Fault Feature Extraction for Centrifugal Pump Impellers via EMD and Cyclic Bispectral Slicing

As a widely used device in the industrial field, the operational efficiency and stability of centrifugal pumps are critical to industrial production. Therefore, to prevent equipment damage and potential casualties during production, accurate monitoring and diagnosis of centrifugal pump impeller failures are essential. This study aims to develop a novel feature extraction method for analyzing fault vibration signals of centrifugal pump impellers. The extracted features are expected to provide higher accuracy and efficiency in fault detection. Accordingly, the cyclic bispectrum secondary slicing technique is employed to extract fault information from nonlinear periodic vibration signals. Based on this approach, the optimal slicing method is further investigated. Since the frequency characteristics of the original signal contain substantial clutter, empirical mode decomposition (EMD) is first applied to separate intrinsic mode functions (IMFs).
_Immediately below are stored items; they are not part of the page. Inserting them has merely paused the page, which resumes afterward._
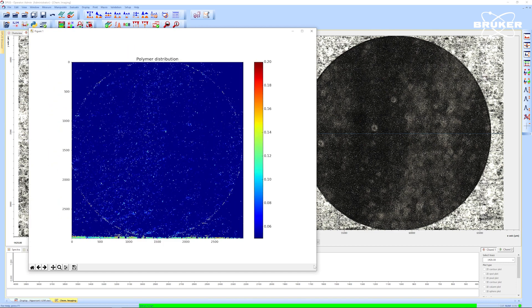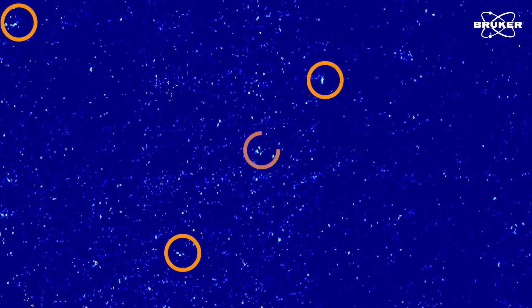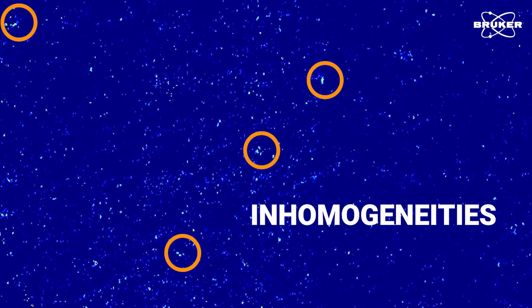By utilizing two wavenumbers for the chemical image creation, we access exceptional chemical contrast and also suppress any unrelated surface effects that would show in a single wavenumber image.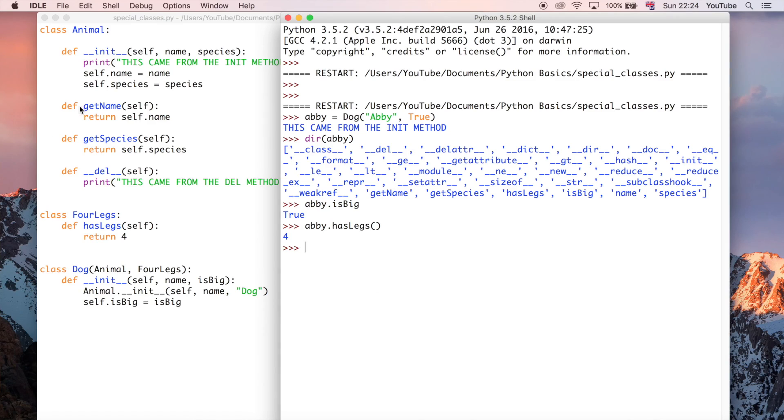So in the next one, we're going to be talking about how you can override a particular method from one of the classes that you've inherited from, say for example, this animal class. If you wanted to customize the functionality of this getName method, you could do that in the dog class. So I'll show you how to do that in the next video.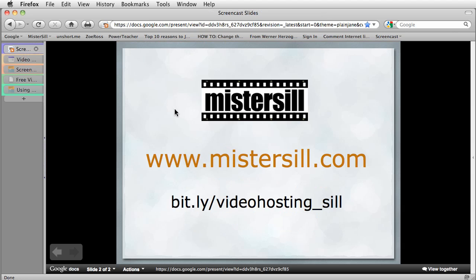That site is right here at bit.ly video hosting underscore sill. I appreciate you watching and thanks very much.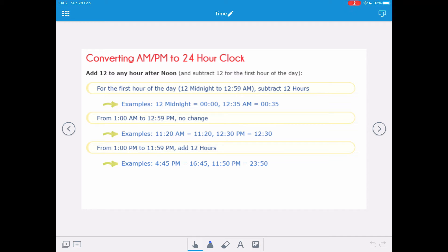From 1 AM to 12:59 PM there's no change. But for times between 1 AM and 9:59 AM you need a place-holding zero, because 24-hour clock requires four digits. For example, 11:20 AM is just 1120, and 12:30 PM is 1230.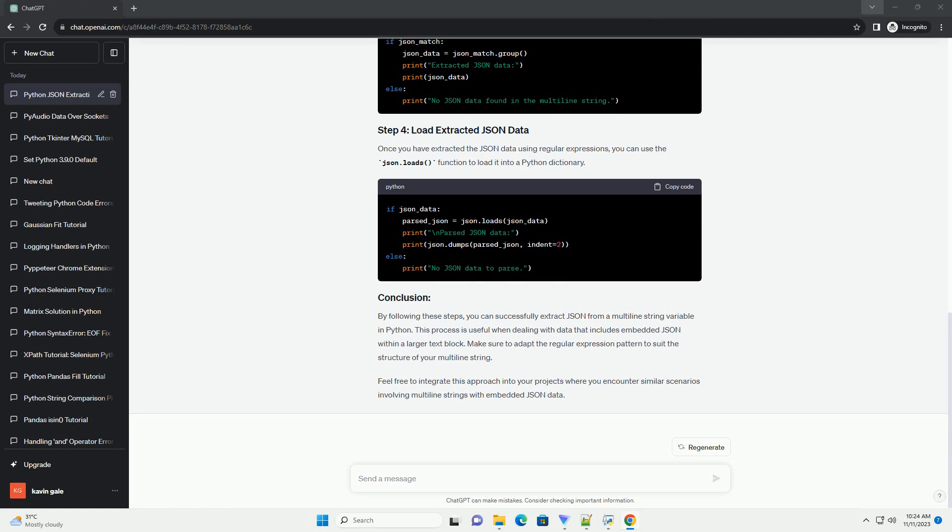Step 3: Extract JSON from the Multiline String. Use the json.loads function to extract the JSON data from the multiline string. This function takes a string as an argument and returns a Python object.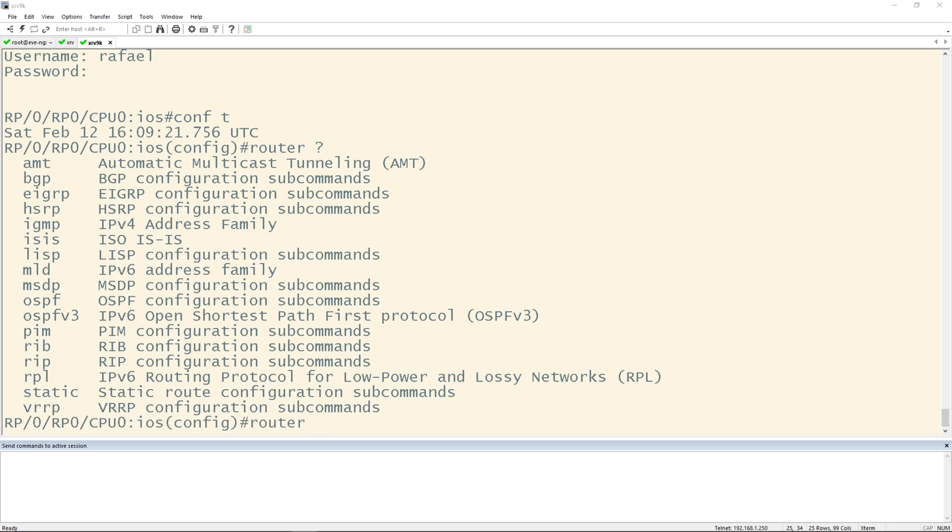I will say that the XRV 9K took a lot longer to boot. I'd say about 20 minutes to initially come up. The XRV was pretty quick, that was up in about five minutes. And there we go. The iOS XRV and XRV 9000 are successfully up and running inside of EvenG.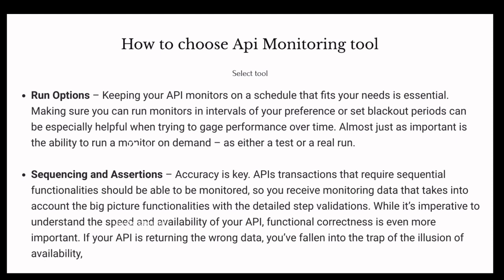The last key criterion is sequencing and assertions. If one API depends on another and the first API call triggers a second, the tool must maintain that sequence properly. Assertions are also very important — they provide insight into API performance and verify functional correctness. If an API is returning wrong data, we may fall under the illusion of availability. Therefore, the tool must provide good assertions for verifying APIs, making the assertions part very critical.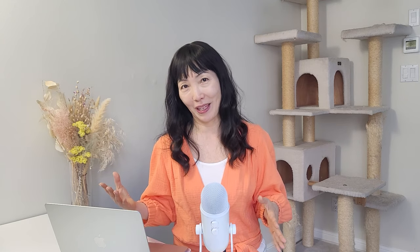I'm going to draft from scratch. Maybe the bodice today and the sleeves next week. Get your measurement ready. You need chest circumference, shoulder width, back length,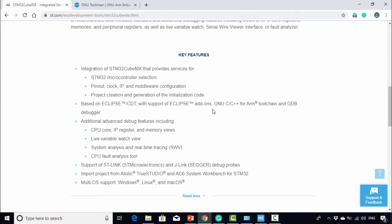This IDE uses a GNU-based C++ compiler for ARM embedded processors.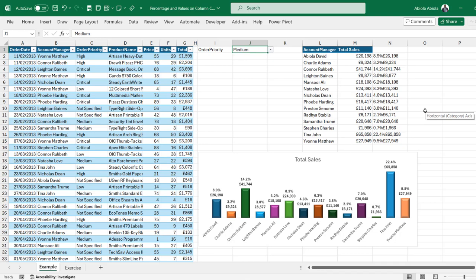Hello, in this video I'm going to show you how to create a dynamic report in Excel with percentage and values displayed on clustered column charts. Let's get started.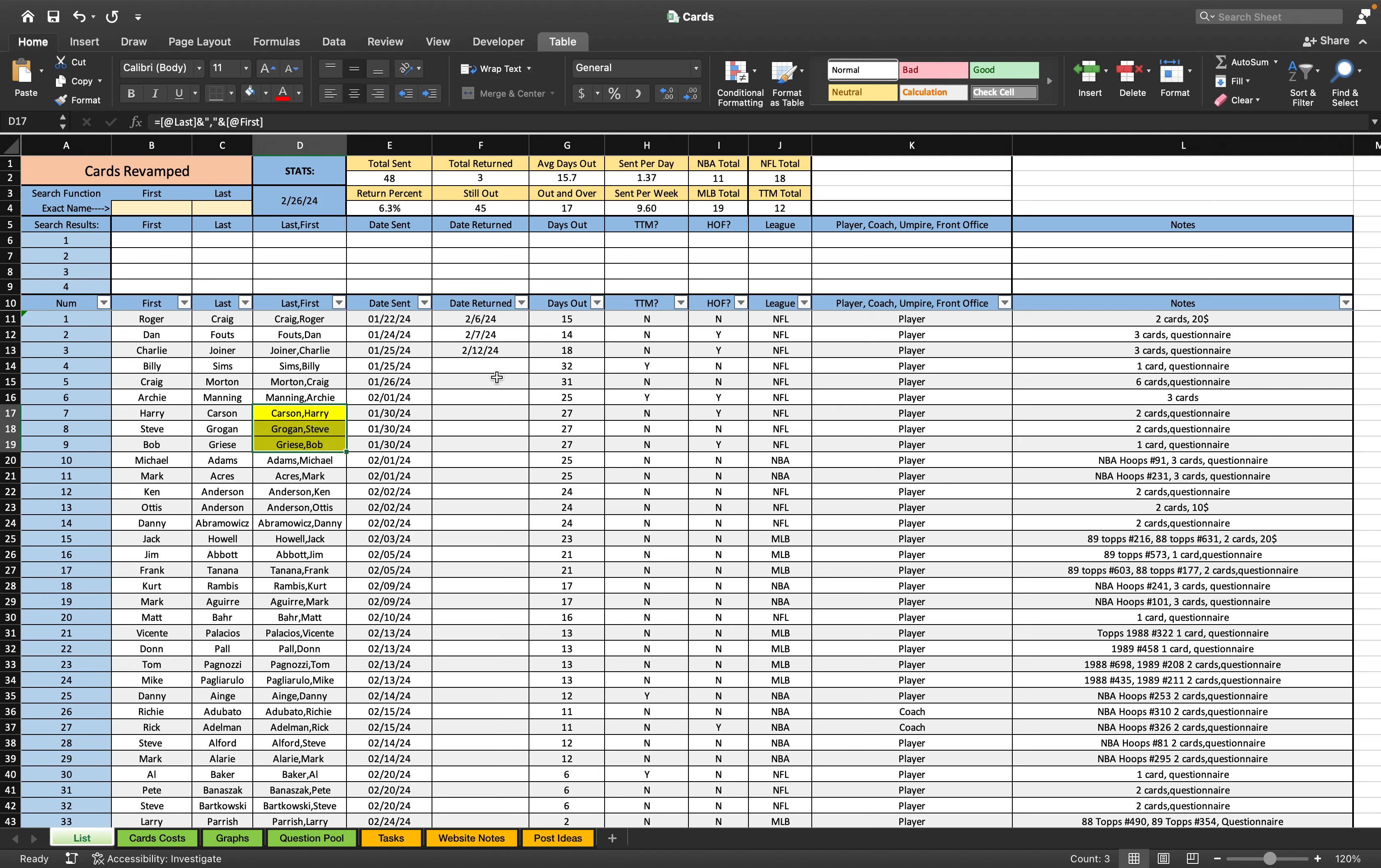So 42. And 14 of them are out over the average days out, so 17 should be in the mix to come back soon.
The results demonstrate that the test set accuracy of the EMD–cyclic bispectrum secondary slicing fusion method in the SVM and XGBoost classification models reaches 85.71% and 92.14%, respectively, which is markedly higher than that of the single cyclic bispectrum secondary slicing method (76.43%/78.57%) and the EMD method alone (80.71%/85%). The proposed method exhibits a notable effect on extracting modulation frequency characteristics: after EMD preprocessing, clutter frequency amplitudes in the spectrogram are reduced by more than 60%, while the signal-to-noise ratio of the modulation frequency component increases by 2.3 times. In the anti-corner slice mode, the amplitude resolution of the modulation frequency component increases by 40%, and the carrier frequency along with its harmonic interference is effectively suppressed.